A Synopsis on Climate Change

15 08 2009

There has been skepticism during the entire lifetime of the theoretical atmospheric anomaly called “Global Warming”. Global Warming is a term coined to describe the unnatural rise of the mean low-level atmosphere temperature over a period of time called climate. Global Warming has also been described as Climate Change although it is not a deserved alias as the earth’s climate often changes in temperature over long periods of time (see ice ages and medieval warming). As such, Global Warming should have been coined as the 21st century Global Warming Trend instead of its current names.

Cycle of Greenhouse Gases

The evidence of Global Warming has seemed to pile-up over the time span of its coined existence. This could be due to the fact that more investigations into the global climate heating has resulted in both expected and unexpected evidence and it could be a result of ongoing changes that take place in real time such as the breaking off and thinning of glaciers. Some of the evidence already observed include a research study by various scientists and reported by the Intergovernmental Panel on Climate Change (IPCC) include a global mean temperature increase of 0.74 ± 0.18 °C (1.33 ± 0.32 °F) over the period of the last century although it seems variations in solar radiation and volcanic activity was the primary contributors before the pre-industrial times before 1950.

Temperature Changes
It is forecasted by the IPCC that the global mean temperature could increase yet another 1.1 to 6.4 °C (2.0 to 11.5 °F) by 2100. The uncertainty in the predicted temperature increases is partially due to the fact that different models have forecasted different amounts of chemicals such as Carbon Dioxide in the atmosphere during varying spans of time. The prediction of 2 °F is a conservative guess but the 11.5 °F increase is also quite possible and would be, of course, the worst case scenario.

Temperature History

The NASA Goddard Space Institute estimated that 2005 was the warmest year globally since dependable and accurate modern satellite temperature monitoring began, exceeding the previous record established in 1998 by only a few hundredths of a degree. The high temperatures recorded in 1998 is thought to be a result of an unusually strong El Niño event – the strongest in over a century.

Since global temperatures have been monitored and recorded, various global locations seem to heat faster than others such as the difference in ocean temperatures relative to land-based atmosphere temperatures. Ocean temperatures rise approximately 0.13 °C relative to land-based atmosphere temperatures which rise an average of 0.25 °C during the course of a decade. Many factors contribute to the difference in temperature increases including the ocean having a vast depth and spread in which temperature is required to increase as well as the effect of evaporation on the air above the ocean.
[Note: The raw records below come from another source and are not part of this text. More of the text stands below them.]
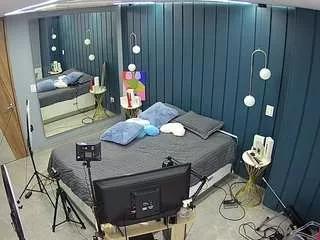 voyeurcam-casa-salsa-bedroom-2 on CamSoda 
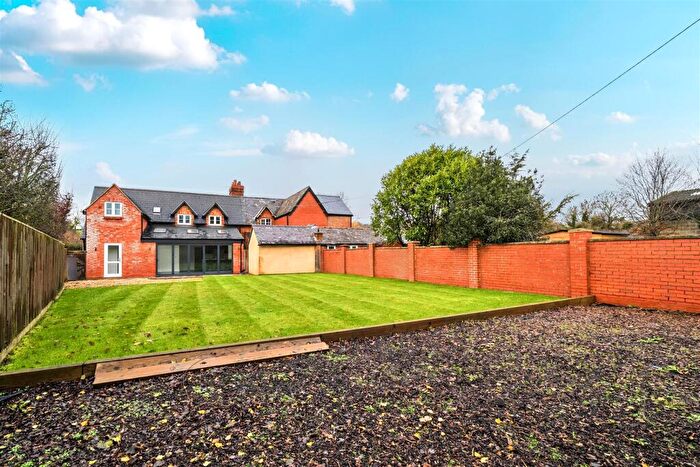 4 Bedroom Semi Detached House For Sale In The Common, Bromham, Chippenham, SN15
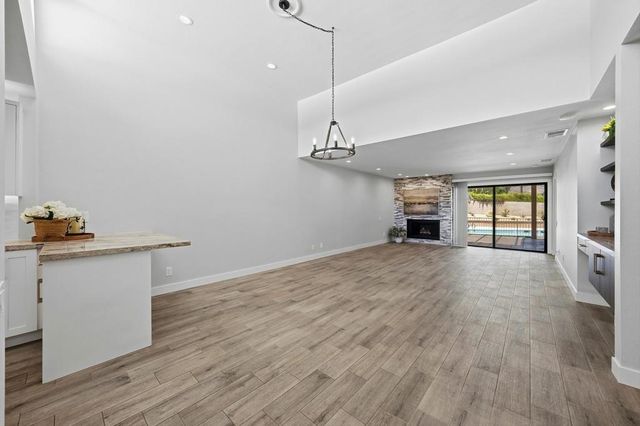 48963 Canyon Crest Lane, Palm Desert, CA 92260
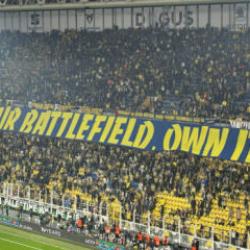 Fenerbahçe taraftarından futbolculara Galatasaray mesajı! Tribünde gündem olan pankart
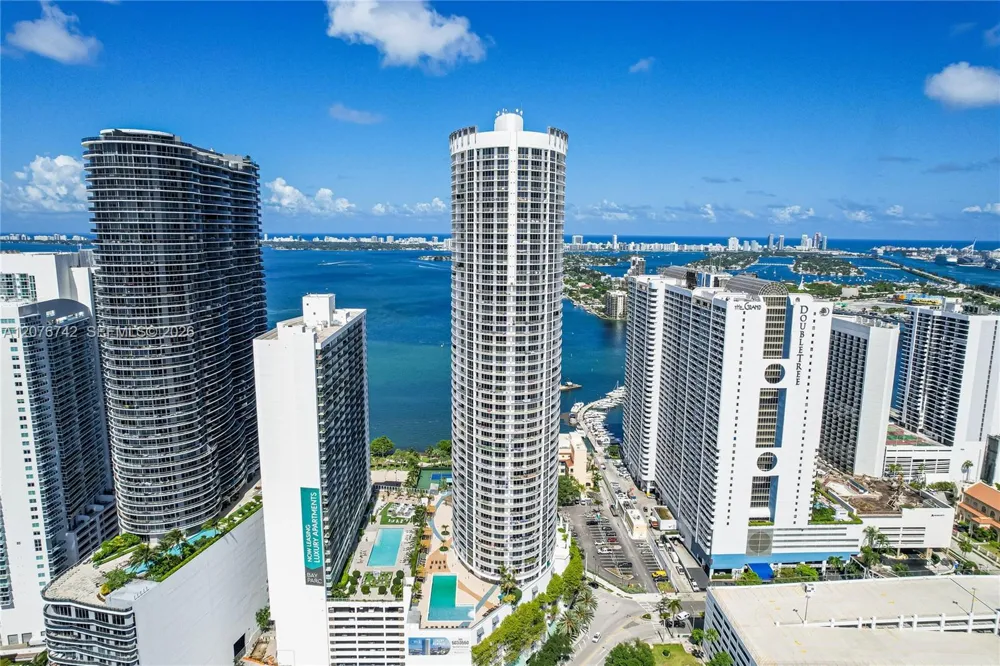 1750 Bayshore Dr #1602 Miami, FL 33132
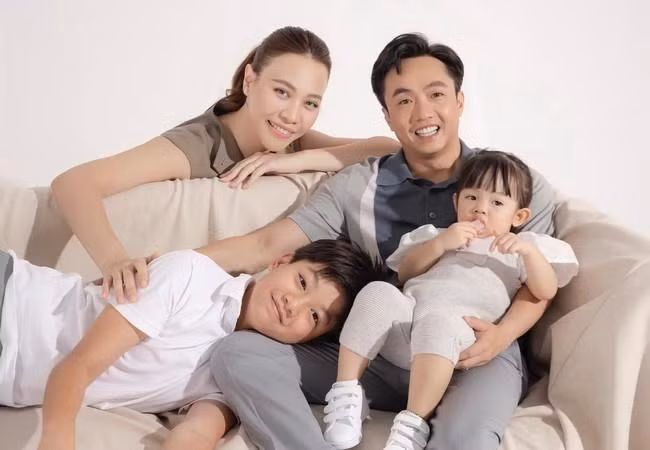 Cường Đô La mừng sinh nhật con gái Suchin bằng cách thực hiện bộ ảnh gia đình hạnh phúc. Nam doanh nhân cùng bà xã Đàm Thu Trang và hai con Subeo - Suchin quây quần bên nhau, tạo nên khoảnh khắc ấm áp.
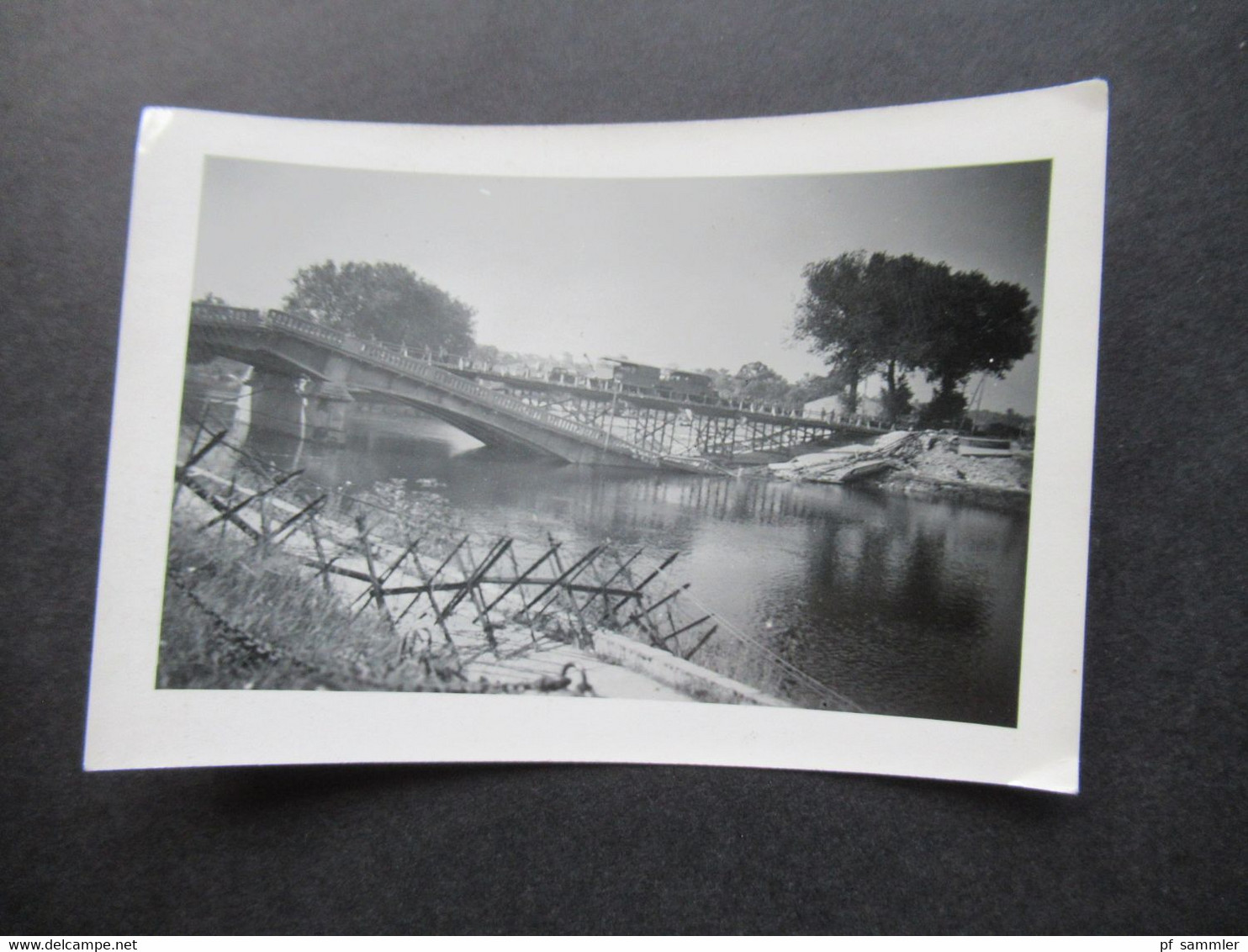 2. Weltkrieg WW2 Original Foto Zerstörte Brücke über Einen Fluss Dahinter Provisorische Eisenbahnbrücke - War, Military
Liquids warm and cool much slower than the air, being more dense, thus the difference in temperature fluctuations. Also, the north hemisphere would warm much faster than the southern hemisphere mainly due to the fact that the northern hemisphere has more land area than does the south. With upper air currents in combination with the difference in temperature, the polar regions would heat much faster than regions closer to the equator, thus the rapid warming and thinning of the polar ice caps in the Arctic and Antarctic Circles. Due to the heat-retaining capacity of the oceans as well as the lifespan of Carbon Dioxide, even if all emissions were to cease the global temperature would continue to rise well after 2100.

Global Warming Projections

Another area which affects the global mean temperature is the effects of “Greenhouse Gases” originally discovered and coined by Joseph Fourier in 1824 and was first investigated quantitatively by Svante Arrhenius in 1896. “Greenhouse Gases” are gases which emit and absorb infrared radiation in the planets atmosphere and enhance the atmosphere’s ability to withhold heat energy. “Greenhouse Gases” include but are not limited to: Water Vapor, Methane, Carbon Dioxide, Nitrous Oxide and Tropospheric Ozone. Higher concentrations of these gases lead to the planet’s atmosphere retaining more heat than it exerts thus raising the global mean temperature. Since the industrial revolution, global carbon dioxide levels have increased by 36% – ¾ of the increase is suspected to be a direct result of the burning of fossil fuels. Evidence extracted from deep ice pockets suggest that carbon dioxide levels are higher than they have been in the last 650,000 years – additional evidence is believed to indicate that levels are actually higher than they have been in the last 20 million years. Although most of the gases mentioned enhance the planets ability to retain heat, some chemicals known as aerosols which are either released naturally, as is the case with volcanoes, or by human sowing as is the case with some CFCs. These chemicals reflect radiation back into space from the upper atmosphere countering the effects of “Greenhouse Gases”. Although this may have been the case up until now, it seems as if the amount of “Greenhouse Gases” such as carbon dioxide and methane are well exceeding the amount of aerosol in the atmosphere. This may have been the reason that extreme global mean temperature increase was delayed during the latter half of the 20th century and only become urgent from the beginning of the new millennium onward. Methods have also been used by scientists to combat global warming indirectly and directly including the use of Biochar, Geoengineering and the like.